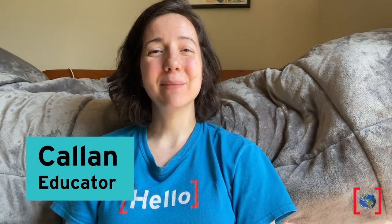Hi, I'm Callan with the Perot Museum of Nature and Science. Let's make some salty fossils today, but first let's consider — is this a fossil?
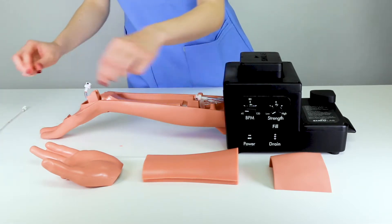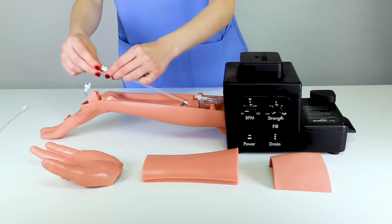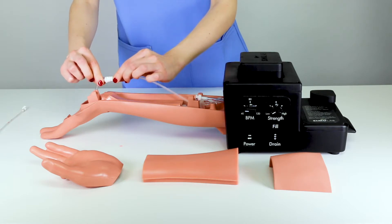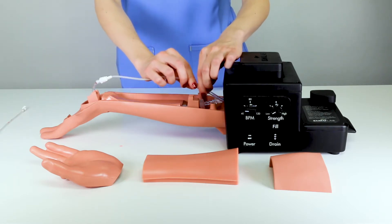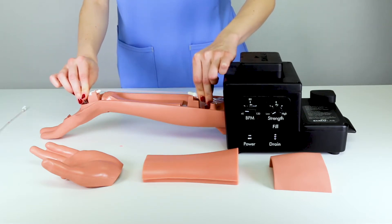Dispose of the used artery and replace with a new one. Twist the connectors clockwise until a small click is heard and felt, ensuring that the connectors are secure. Repeat on the other side and secure the artery into the stands.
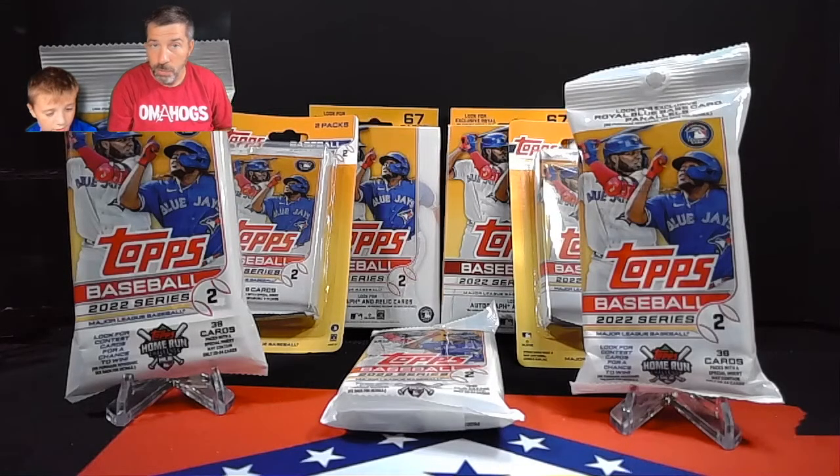Hey everybody, it's Wes from Diamond State Cards. I'm here today hanging out with Ryder. Say what's up, dude. Hey!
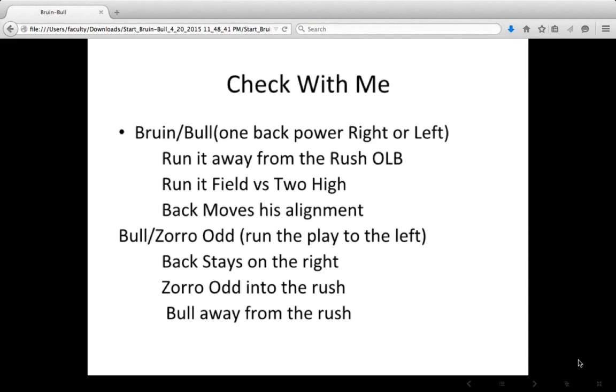Here are our check with me packages. The different check options are either Bruin or Bull — one back power right or left — run away from the rush outside linebacker, run to the field versus a two-high look, and change the back's alignment accordingly. Or we can go Bull to the left and Zorro odd to the left with the back staying on the right. If they give us the fourth rusher from the left, we run Zorro odd. If the rusher comes from the right, we run Bull. That's how we organize our two check with me situations.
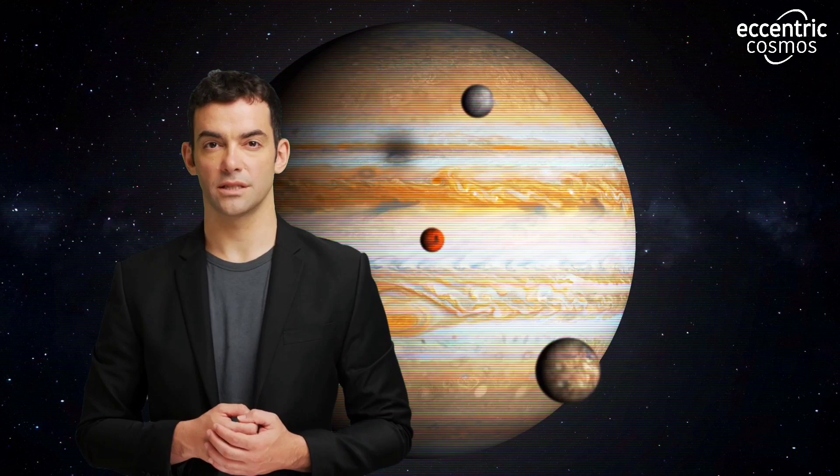Another unique feature of the JUICE mission is that it will study the Jovian system's icy moons in detail. Ganymede, Callisto, and Europa are all believed to have a subsurface ocean and may have the potential to support life. The mission will study the geology, composition, and subsurface structures of these moons to better understand their potential for habitability. The mission will also study the interaction between the moons and Jupiter's magnetic field, which may contribute to the formation of the subsurface oceans.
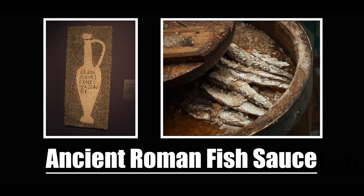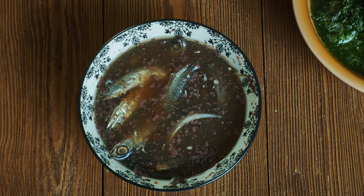Today, we are going to be taking a look at a fascinating piece of Roman cuisine, the fish sauce, which is known as garum. So, with that out of the way, please sit back, relax, and enjoy as we explore this fascinating, but also smelly, topic of Roman history.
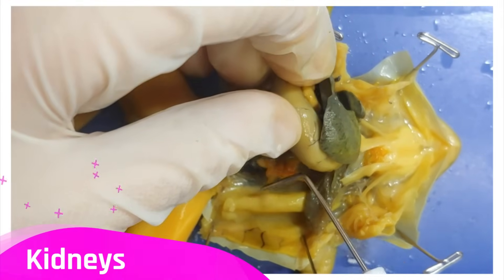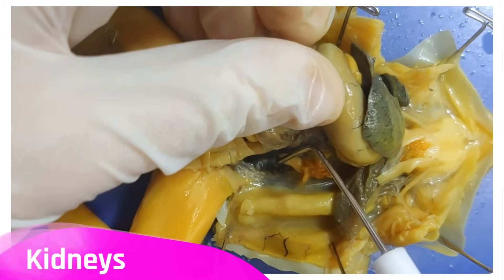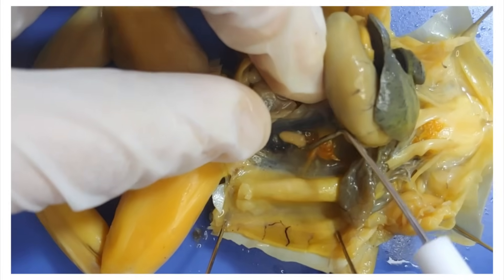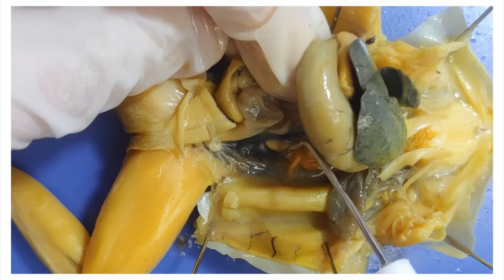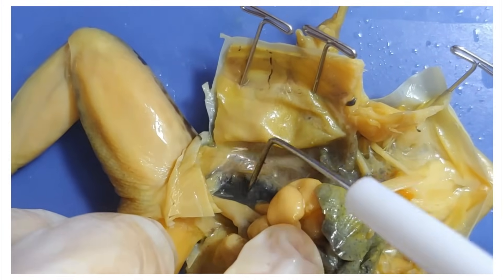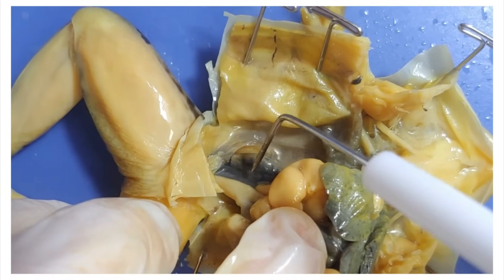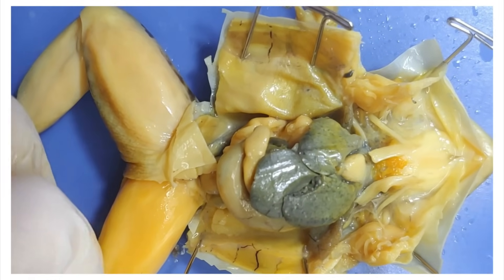A bit further down are the frog's kidneys — there's one here, but it's hard to see. I'm going to move to the other side. This one's much more visible. Good kidney. The kidney functions in filtering the blood to produce urine.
# # #
(Assignment):
Retype the entries above exactly, starting at their first line and ending with the line that holds "Hey everybody, it's"; pictures stay out.

(Expected output):
Hi, I'm Callan with the Perot Museum of Nature and Science. Let's make some salty fossils today, but first let's consider — is this a fossil?
Dispose of the used artery and replace with a new one. Twist the connectors clockwise until a small click is heard and felt, ensuring that the connectors are secure. Repeat on the other side and secure the artery into the stands.
Hey everybody, it's Wes from Diamond State Cards. I'm here today hanging out with Ryder. Say what's up, dude. Hey!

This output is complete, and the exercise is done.